Les mauvaises langues se sont souvent acharnées au cours des dernières années sur Jay Du Temple, sans doute injustement, car l’homme n’a aucune malice. Jay Du Temple est un vrai gentil. Ce n’est pas pour rien que son nouveau spectacle s’intitule Fin. Ceux qui s’attendent à un spectacle caustique seront déçus. L’humoriste a l’intime conviction que l’on peut être drôle sans blesser les autres.
Dans ce second spectacle solo, il préfère rire de ses peines d’amour, de ses remises en question, du passage à la trentaine… Le titre fait aussi référence à la fin de la vingtaine, cette grande période de turbulences qui fut marquée par une grande quête identitaire.
« Au début de la vingtaine, tu t’assumes de manière presque maladroite. Tu es convaincu de te connaître, tu es très catégorique. Et puis, à la fin de la vingtaine, tu te rends compte que tu n’es plus vraiment cette personne que tu pensais être. Tes goûts changent. Je suis attiré par d’autres choses. Il y a des affaires que j’aimais que je n’aime plus. C’est la première fois de ma vie que je prends conscience que je vieillis, que je laisse des trucs derrière moi en disant que ça ne m’intéresse plus », raconte celui dont le nom est Jérémy Du Temple-Quirion sur son baptistaire.
La fin du début
Qu’il en a fait, du chemin, ce fils de bonne famille, élevé dans un vignoble de Saint-Jacques-le-Mineur, depuis son entrée à l’École nationale de l’humour à 19 ans. Sa cohorte aura engendré plusieurs gros noms de l’industrie, comme Katherine Levac, Mehdi Bousaidan ou encore Sam Breton. À côté d’eux, Jay Du Temple ne faisait pas le poids. La tournée des finissants, en 2013, fut pour le moins humiliante, alors qu’il était dans l’ombre de ses prodigieux camarades de classe.

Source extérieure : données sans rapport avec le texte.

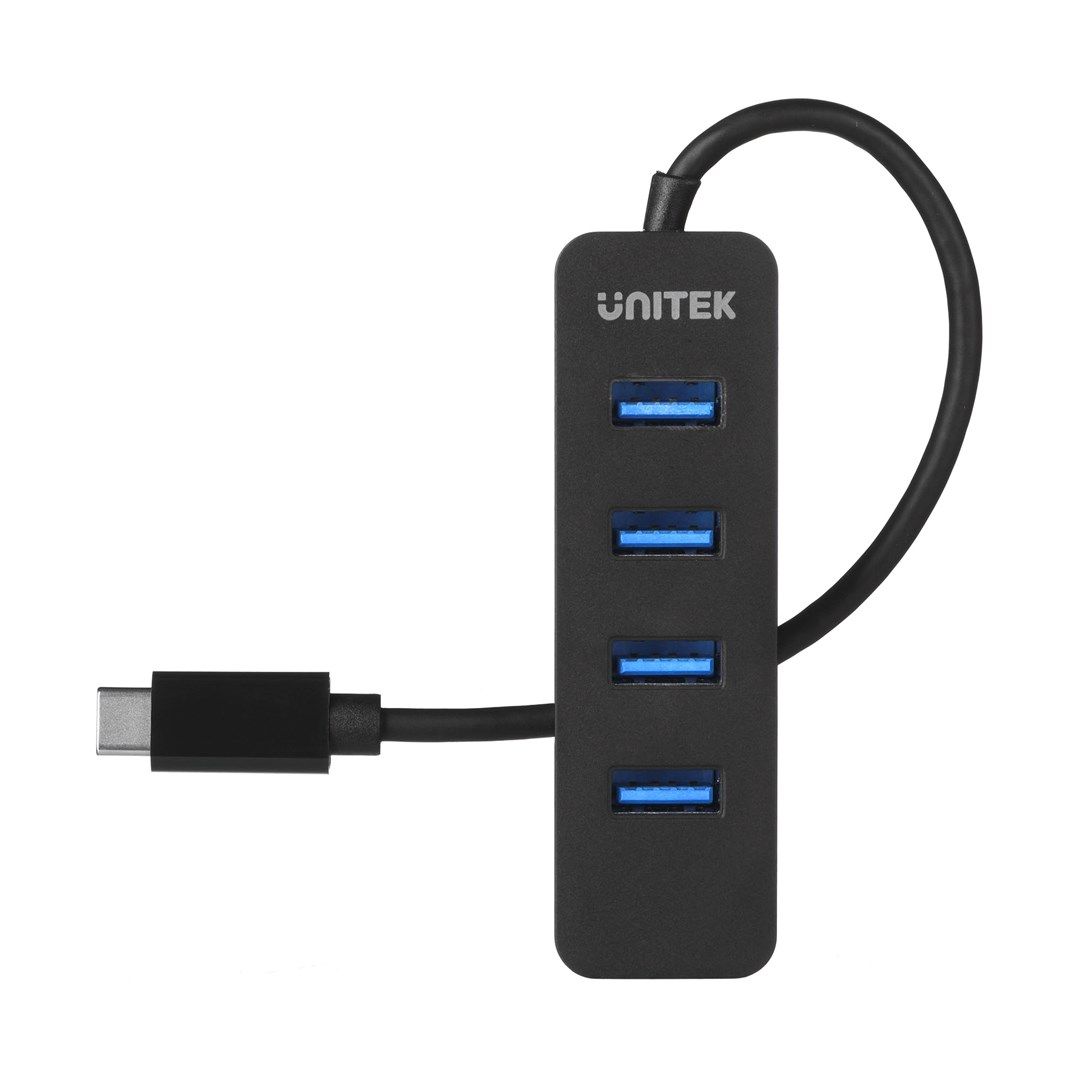 Unitek H1117B 4xport USB HUB Black
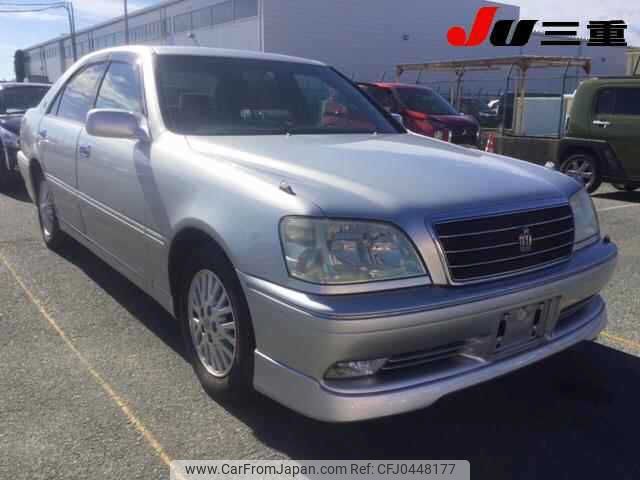 toyota crown 2001 -TOYOTA--Crown JZS175--0061824---TOYOTA--Crown JZS175--0061824- image 1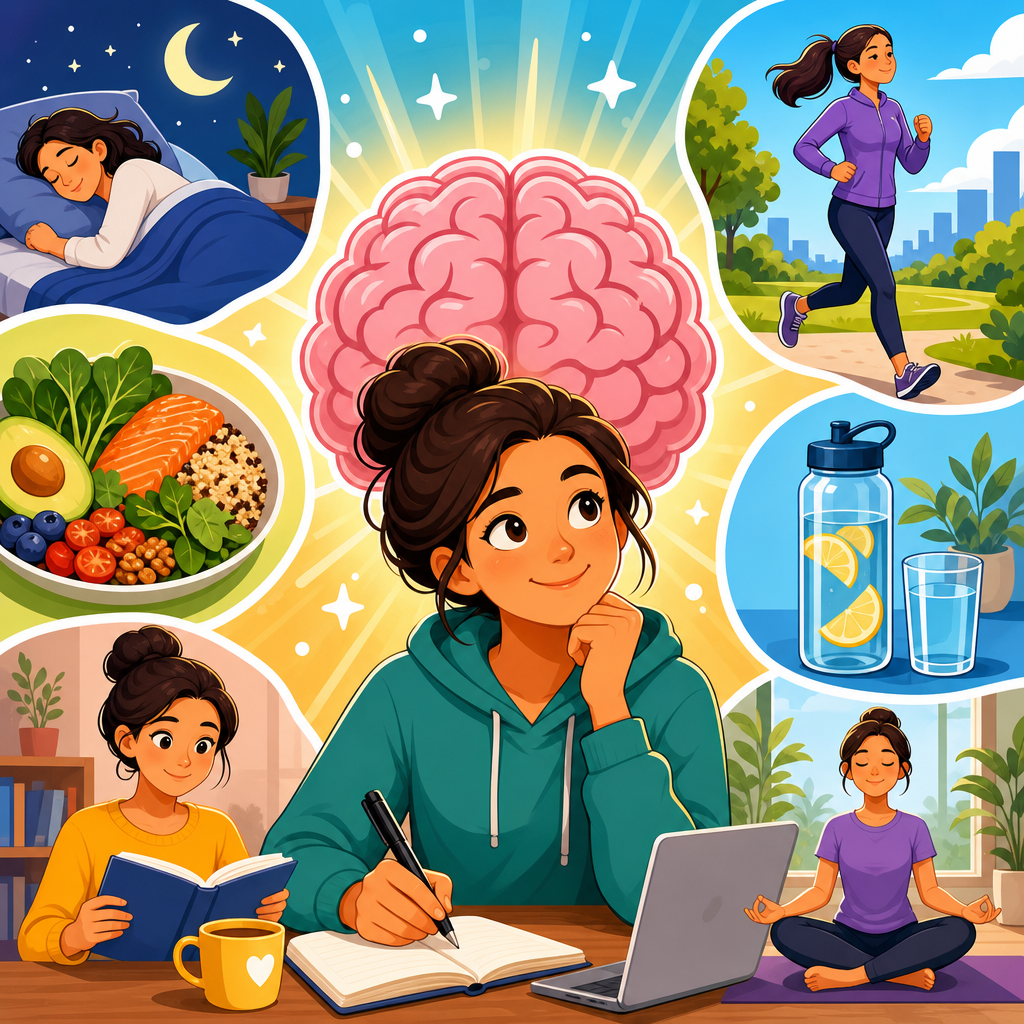 The Daily Habits That Boost Brain Performance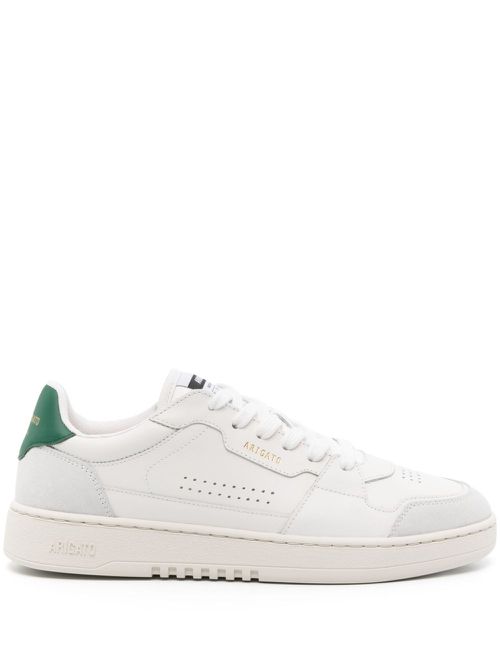 Dice Lo leather sneakers - White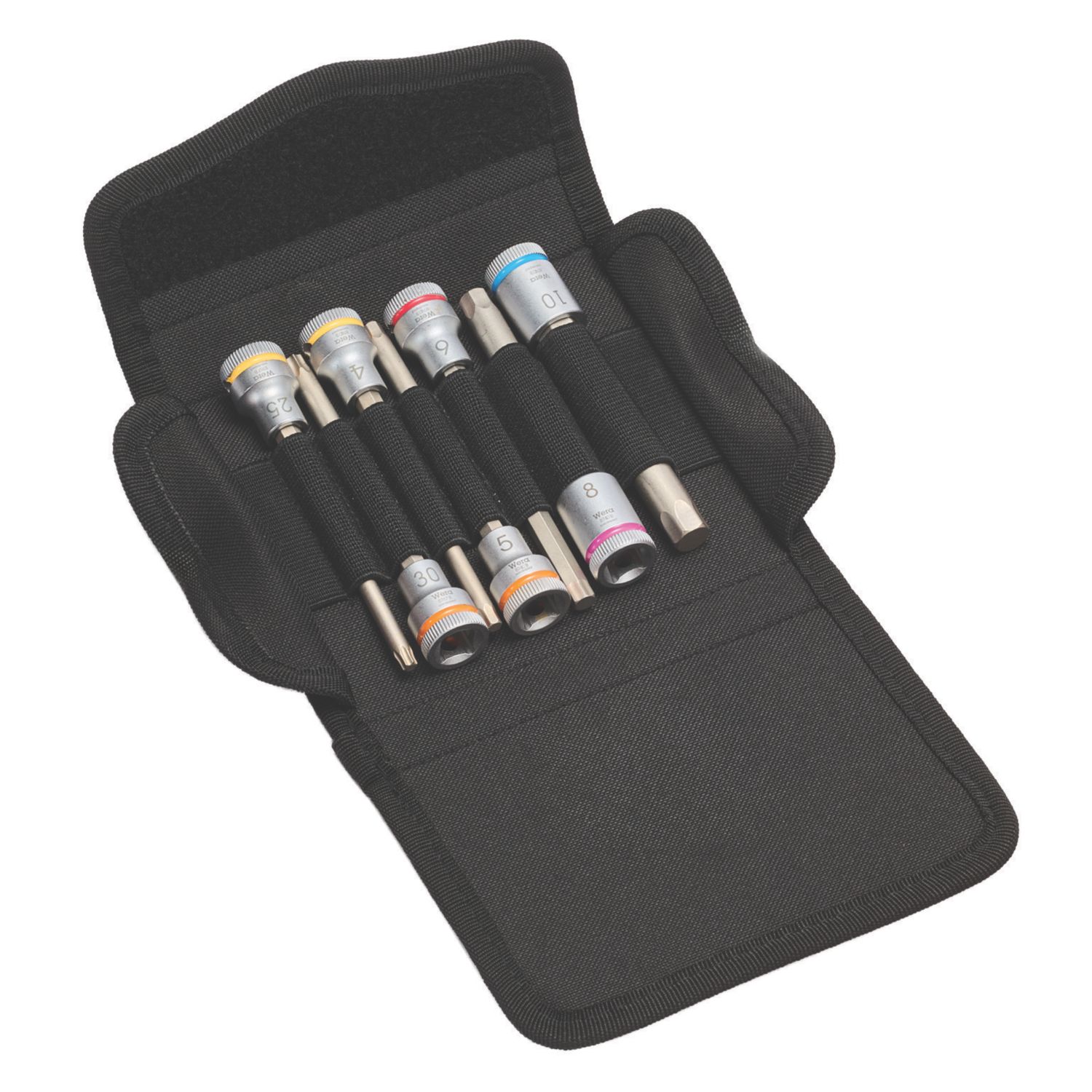 Wera Bicycle 8 3/8" Drive Bit Socket Set 7 Pcs (483XX)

Les professeurs de l’École nationale donnent d’ailleurs aujourd’hui Jay Du Temple en exemple pour montrer que même les élèves qui ne se démarquent pas peuvent avoir une carrière prolifique par la suite. « C’était très difficile comme période. Mais tant mieux, parce que ça m’a endurci. Ça a brisé mon ego. Ça a fait en sorte que je me suis dit que je devais travailler dix fois plus fort. Je n’avais pas le choix », conclut-il dix ans plus tard.
Ses efforts ont fini par porter leurs fruits. En janvier 2020, il a clôturé sa première tournée, Bien faire, au Centre Bell. Un véritable exploit à son âge. Que peut-il bien rester à accomplir à cet ambitieux avoué ? Jouer au cinéma, peut-être. « S’il y a quelqu’un qui est prêt à m’accompagner dans ce processus-là , c’est sûr que c’est quelque chose qui peut m’intéresser », glisse-t-il, sourire en coin.